3.2 Preserve and maintain its business and all licenses and other rights necessary to the conduct of its business and comply in all material respects with all applicable laws, rules, regulations and orders of any governmental authority applicable to its business.
3.3 File all tax returns required to be filed in any jurisdiction and to pay and discharge all taxes shown to be due and payable on such returns and all other taxes, assessments, governmental charges, or levies imposed on them or any of their properties, assets, income or franchises, to the extent the same have become due and payable and before they have become delinquent and all claims for which sums have become due and payable that have or might become a lien or other encumbrance on properties or assets of the Company or any Subsidiary; provided that neither the Company nor any Subsidiary need pay any such tax, assessment, charge, levy or claim if (i) the amount, applicability or validity thereof is contested by the Company or such Subsidiary on a timely basis in good faith and in appropriate proceedings, and the Company or a Subsidiary has established adequate reserves therefor in accordance with generally accepted accounting principles in the United States, consistently applied, on the books of the Company or such Subsidiary and (ii) the nonpayment of any such tax, assessment, charge, levy or claim has not resulted in any lien on the property of the Company or such Subsidiary, as the case may be.
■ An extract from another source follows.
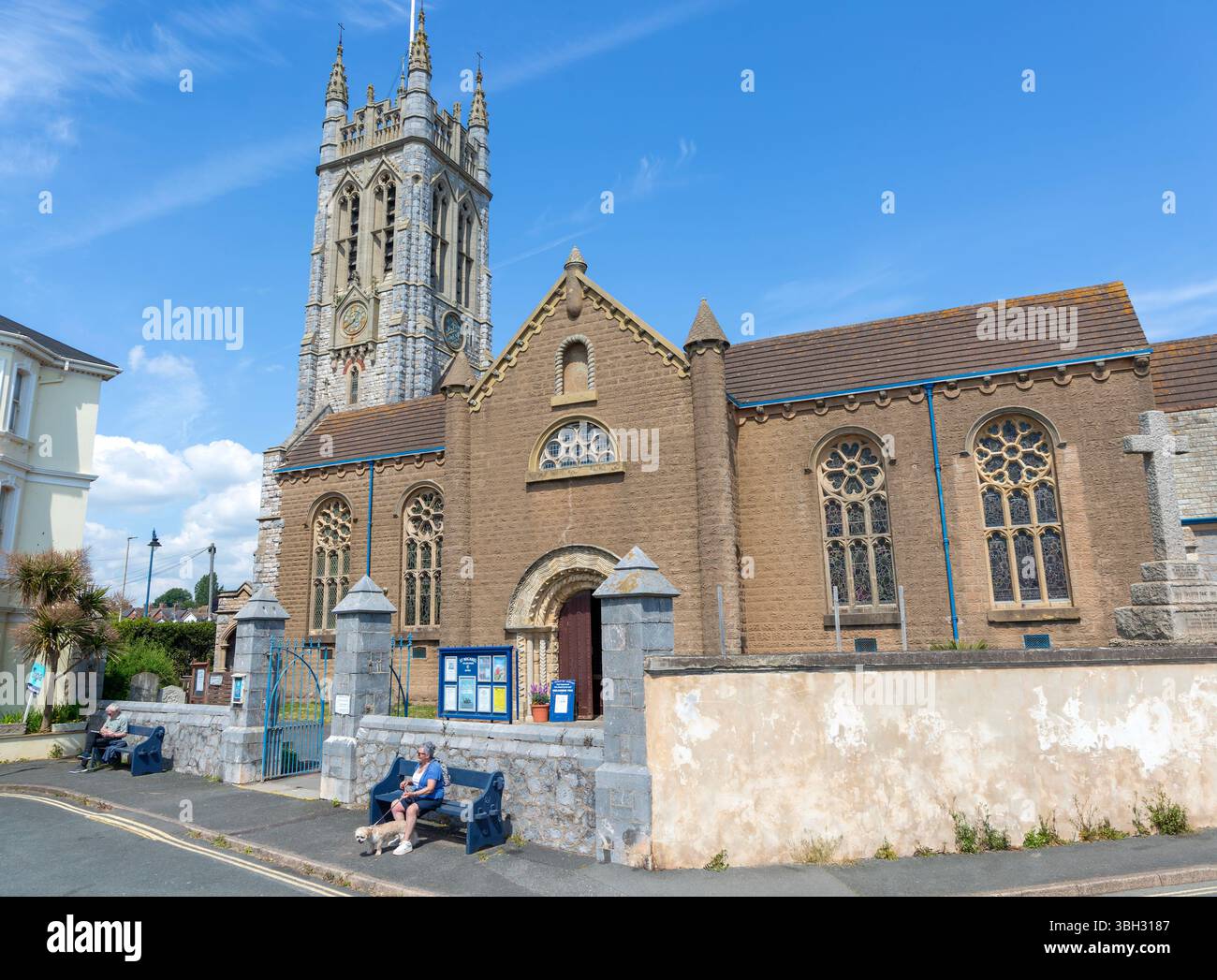 Storica chiesa parrocchiale di San Michele, Teignmouth, Devon meridionale, Inghilterra, Regno Unito Foto Stock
3.4 Maintain insurance with financially sound and reputable insurance companies or associations in such amounts and covering such risks as the Company reasonably deems appropriate.
3.5 Furnish to each Holder of not less than $1,000,000 of principal amount of the Notes (a) as soon as available and in any event within 50 days after the end of each of the first three fiscal quarters of each Fiscal Year, a copy of its quarterly financial statements for each such fiscal quarter, (b) as soon as available and in any event within 95 days after the end of each Fiscal Year, a copy of its annual audit report for such Fiscal Year and (c) such other financial information relating to the Company and its Subsidiaries as the Holder may reasonably request from time to time; provided, however, that the financial statements to be delivered by the Company pursuant to clauses (a) and (b) above shall be deemed to have been delivered on the date on which such reports containing such financial statements are posted on the Securities Exchange Commissions’ website on the internet at “xxx.xxx.xxx”.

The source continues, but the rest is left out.